If you choose a face-to-face program, so much of that experience happens outside the classroom. So we need to be very much aware of not only how we teach but how we facilitate that interaction. I just came out of a meeting where the insight was, ‘Wow. These interactions online are attracting much bigger audiences because people don’t have the barriers of having to get out of their homes and into a particular location.’ Whether it’s physical or psychological barriers, it is opening up access to programming at a scale that you don’t get in a face to face environment. Those are things that will be sticky for us.
A ritual for all schools is Admit Weekend to help admissions seal the deal with admits. Did you have your big admissions event online this year?
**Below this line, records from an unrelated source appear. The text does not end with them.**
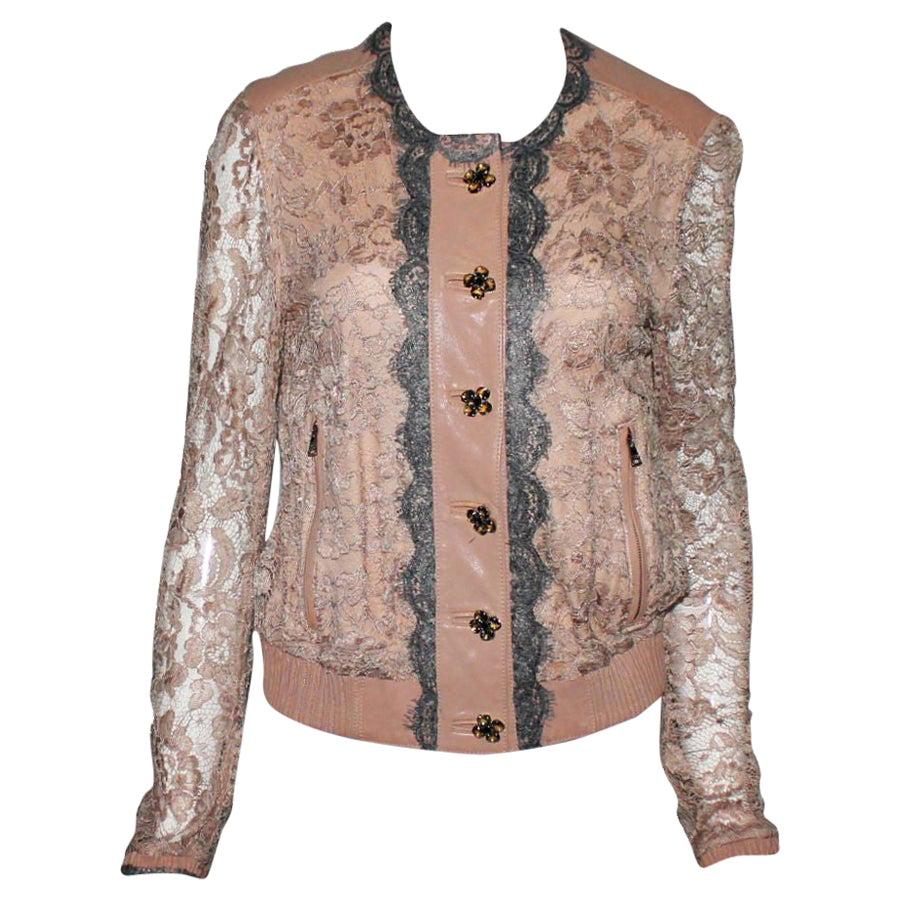 NEW Dolce & Gabbana Leather Lace Jacket with Jewelry Buttons 42 For Sale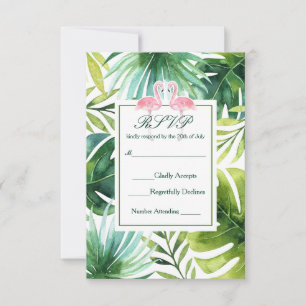 Cartão RSVP Casamento de Verão com Folhas Tropicais e Flamingo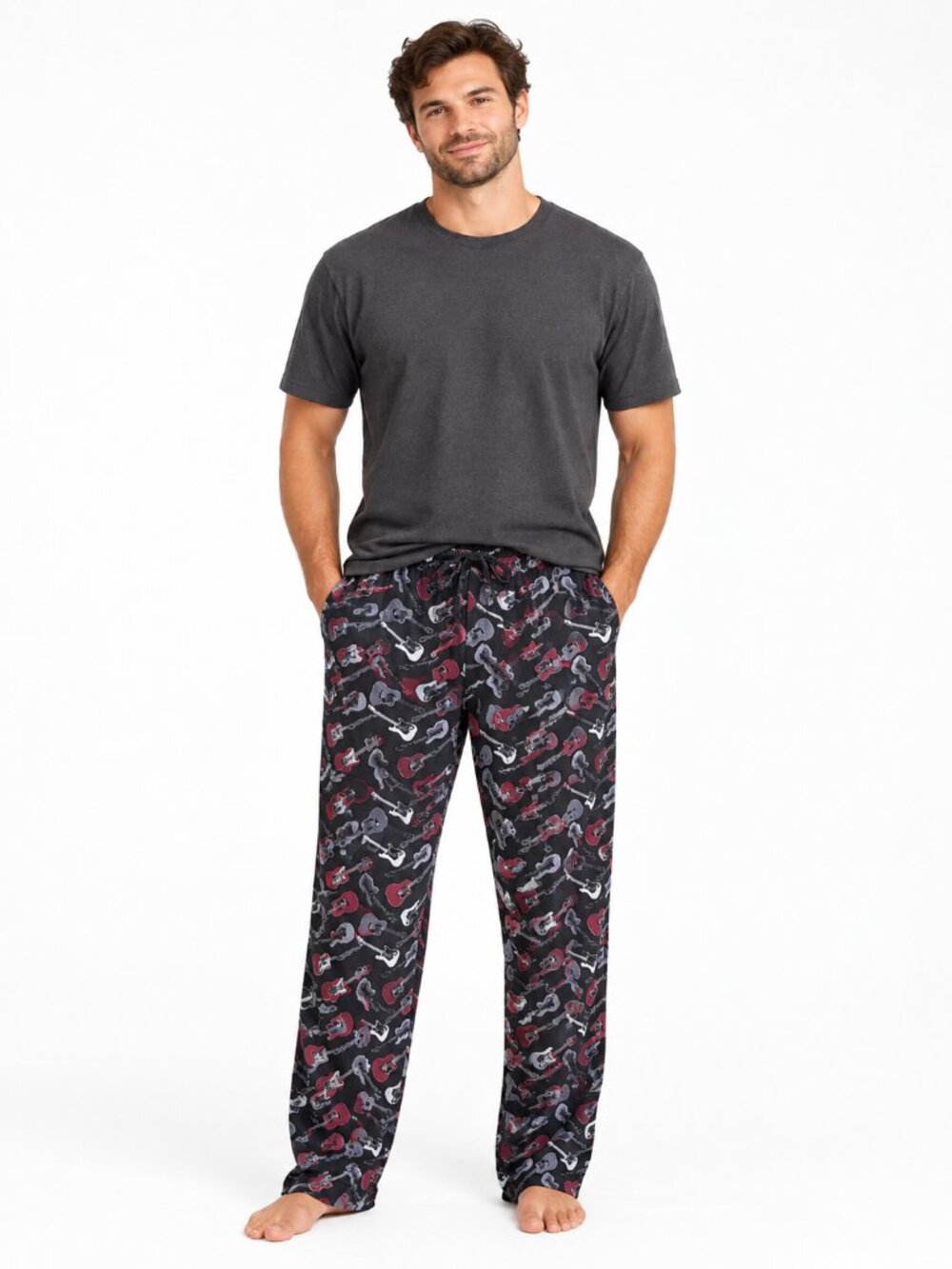 Mens L Sleep Lounge Pant All Over Guitar Print Cotton Drawstring Rock n Roll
A month or two ago, we had a Blue Devils Weekend on campus but that feels like centuries ago. Now our second one will be virtual. We’ll learn what works well in a virtual environment and then on an ongoing basis we will create an online alternative for someone who can’t get to campus for the actual event. At the same time, we’re creating opportunities for programming, including interviews with on-campus guests who you may have to work with for weeks to figure out a time in their schedule to come. Now we’ve been able to put together a series of events more easily because the barriers to participation have been lowered. There are definitely positive things that will come out of this crisis but let’s not kid ourselves this is a humanitarian crisis of enormous consequences, both in terms of health and economics. This is serious stuff.
How difficult was it for Fuqua to make the transition from the physical classroom to remote instruction?
We were on spring break with two days to go when the university announced that we would be closing down the campus. Because the announcement was so precipitous, the university said it would extend the spring break by another week to give faculty time to stand up on line. We did not take the extra week. We felt why not go the next Monday as planned on the schedule. We’ve been through this drill before having to close down our campus in China. We had very little notice and we stood up the online version of our program there for students overnight. So we knew what to do and made the decision to take no more than two days over spring break. Luckily, we also have several programs that either have 100% online delivery or a fraction is online. So we have a faculty that is very experienced in using the online modality of teaching. So we actually have several years of investment in building up our online capabilities so when the moment came we were ready.